Today, that’s changed. Everybody seems to be going global. Logistics people
who once couldn’t locate Zhongdian on a map suddenly find themselves arranging
multimodal moves from the area. And they’re expected to do it quickly and
without running afoul of trade regulations, currency restrictions or
documentation requirements. Small wonder that many end up turning to specialists
The result has been soaring demand for third-party international services.
When announcing the results of the latest third-party logistics survey at the
Council of Supply Chain Management Professionals’ annual conference, John
Langley of Georgia Tech noted that among third-party logistics (3PL) service
offerings in North America, customs brokerage/clearance had become the third
most popular, behind outbound transportation and tied for second place with
warehousing. A full 63 percent of the respondents reported that they outsourced
customs-related functions, compared to only 42 percent in 2002. It’s a similar
story with freight forwarding, now number five on the list. Right now, 56
percent of survey respondents who use 3PLs outsource freight forwarding, up from
43 percent in 2002.
But that’s only part of the story. The study also showed that when it comes
to global trade services, shippers want more. Along with customs clearance and
freight forwarding, they want a full menu of options: ocean transportation,
import documentation, shipment tracking and warehousing, to name a few.
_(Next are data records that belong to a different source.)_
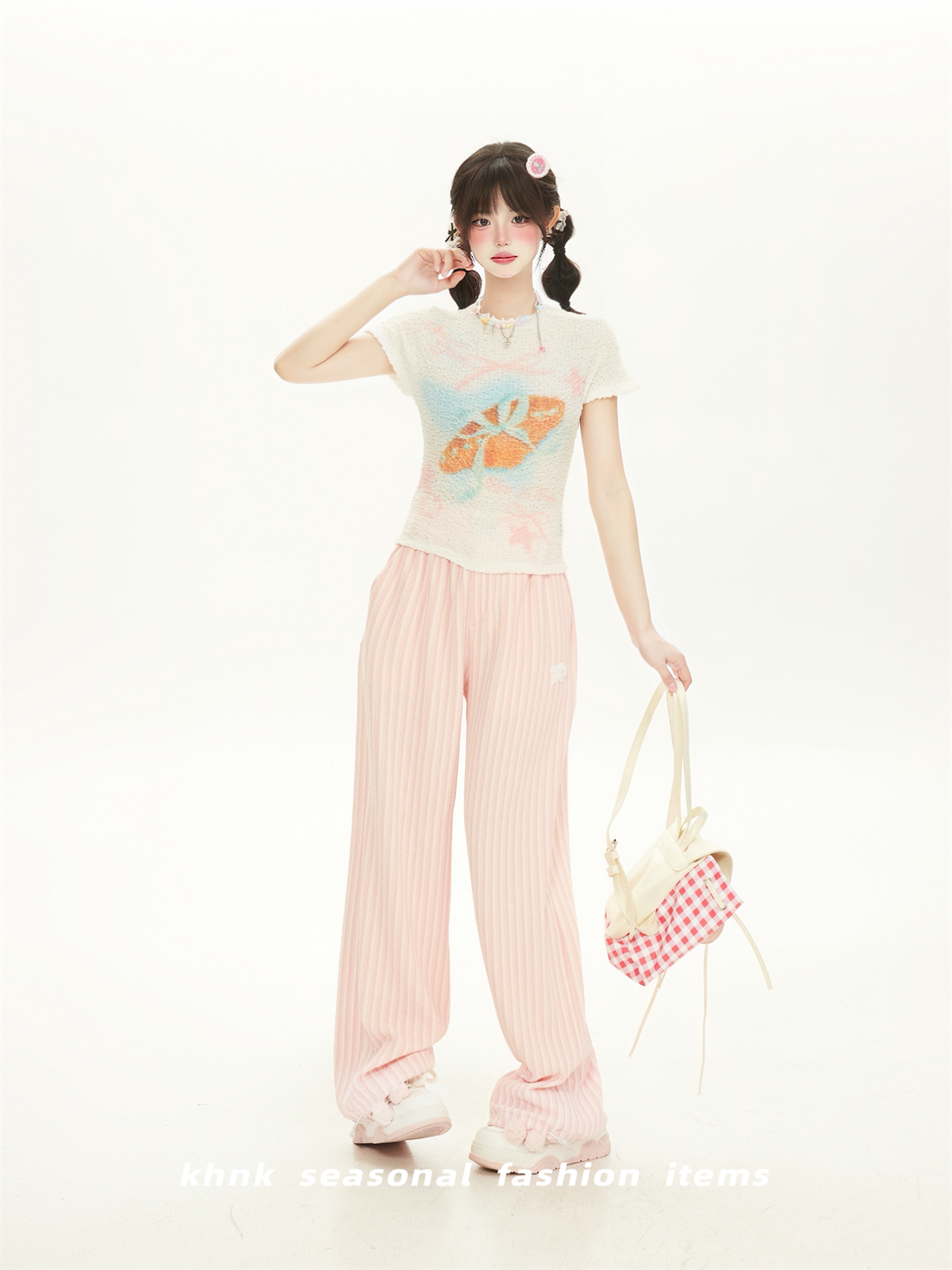 Chic Pink Printed High-Elastic Slim Short-Sleeve T-Shirt for Women with Ruffled Edges - Perfect Summer Top for Sweet Girl Style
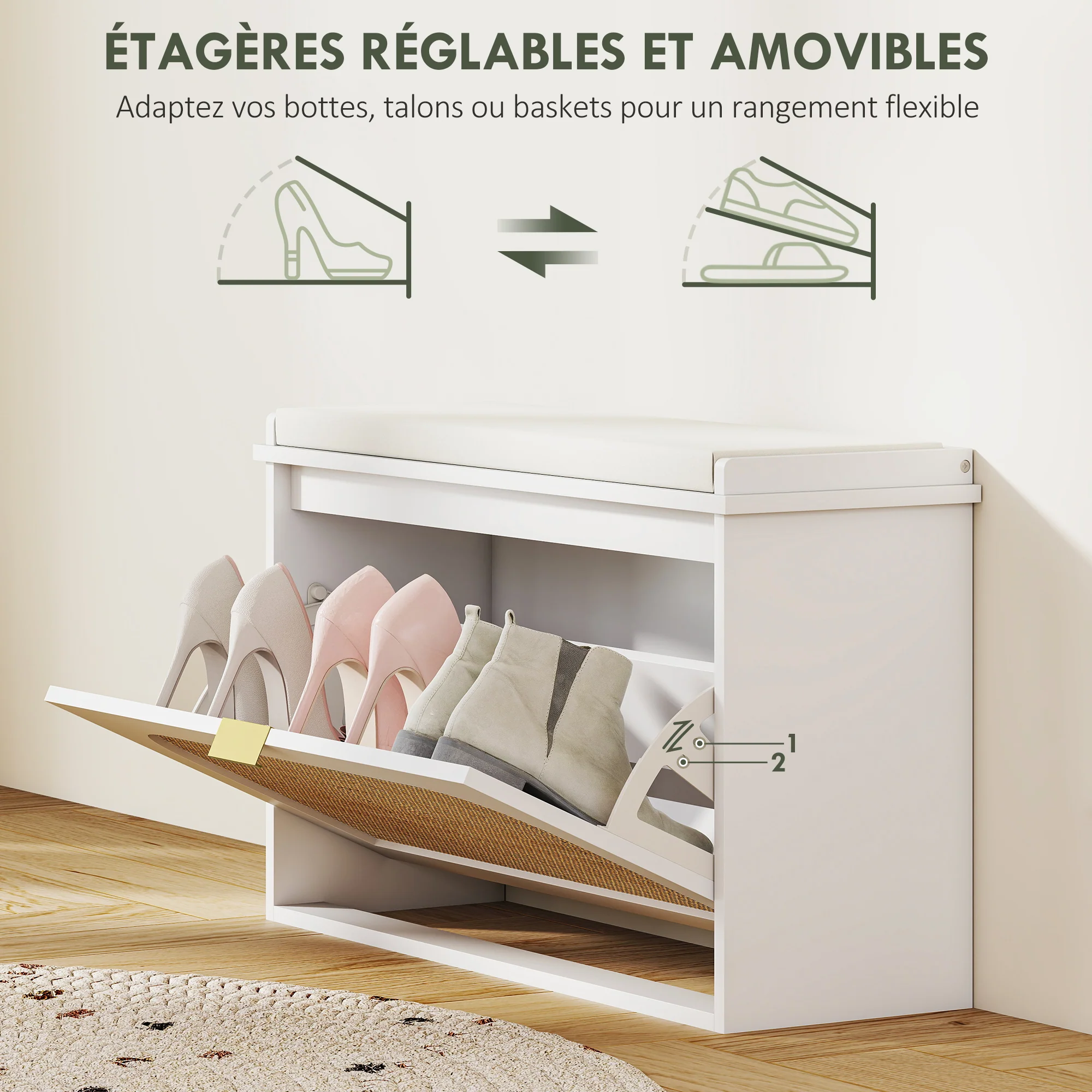 Banc chaussures entrée, banc de rangement étroit, assise rembourrée, porte en rotin, tiroir rabattable et étagère réglable, style bohème, pour entrée, couloir, 80 x 26 x 47,5 cm, blanc - Image 8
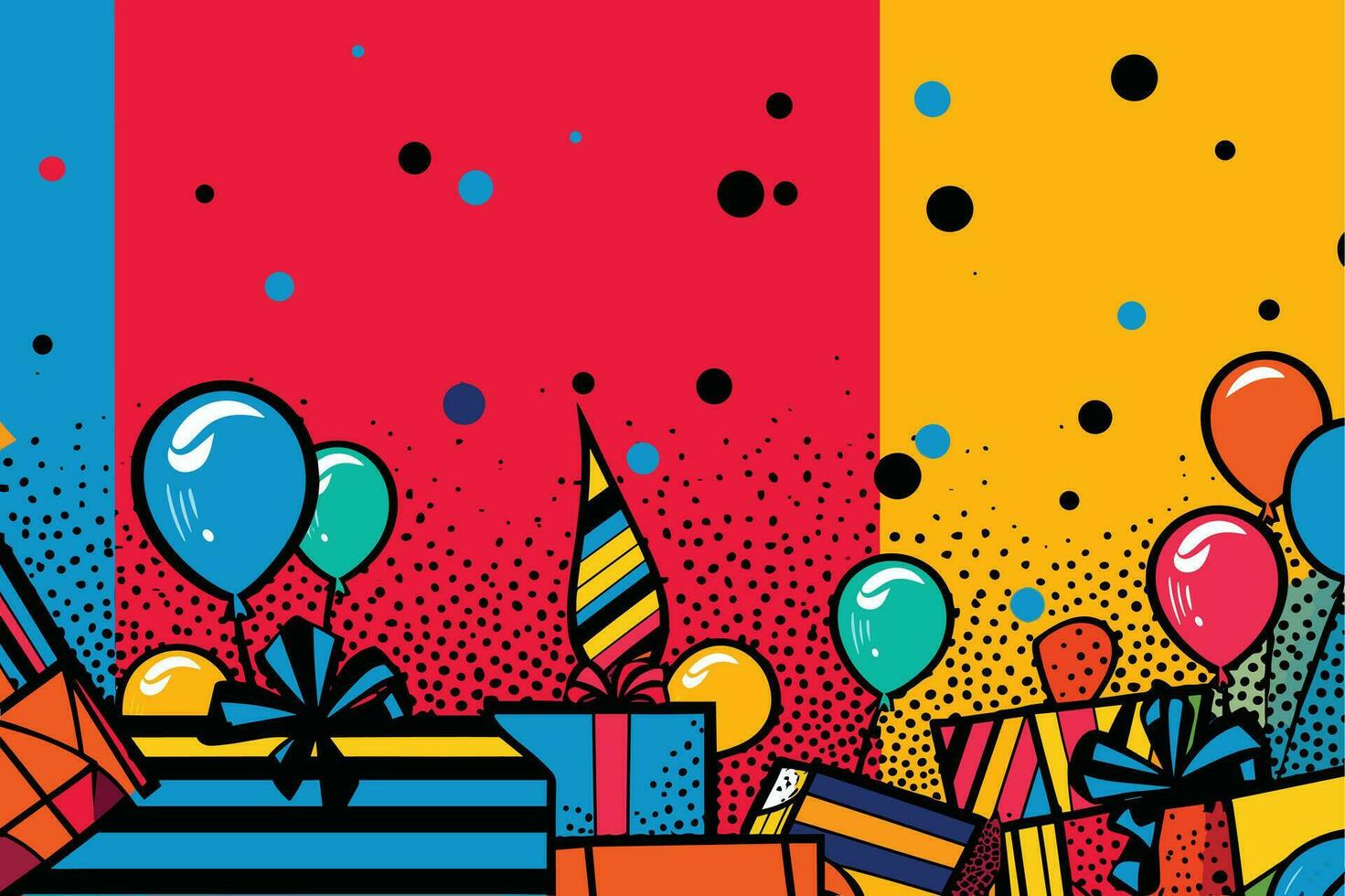 birthday background with balloons pop art and gift boxes vector illustration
The market has taken note. The big 3PLs are expanding their menus and taking
their message on the road. At the CSCMP annual meeting alone, attendees could
hardly turn around without bumping into a representative from a full-service
global service provider like BAX, UTi, Expeditors or UPS.
What’s striking about this market sector is the level of foreign ownership.
The top five global service providers are based overseas: Exel (Britain), Kuehne
& Nagel (Switzerland), Schenker (Austria), DHL Danzas (Germany), and P&O
Nedlloyd (Denmark). But wherever their headquarters may be, these companies are
undeniably interested in the U.S. market. Several have already made significant
inroads into the United States through acquisition and expansion. For evidence
of that, you need look no further than UTi Worldwide’s acquisition of Standard
Corp. or Kuehne & Nagel’s acquisition of USCO.
Where does this leave U.S. third-party providers? I asked several domestic
warehouse companies at the CSCMP conference if they viewed the foreign-owned
competitors as a threat. Though none termed them a serious threat, they’ve
clearly given it some thought. Most said they would probably respond by joining
forces with some kind of international service provider to form alliances of
their own. But finding a partner may prove harder than they think.
A few of the domestic providers I talked with simply did not see the foreign
infiltration as a problem. They believe if they stick to their niche and provide
excellent service, they will survive and even thrive.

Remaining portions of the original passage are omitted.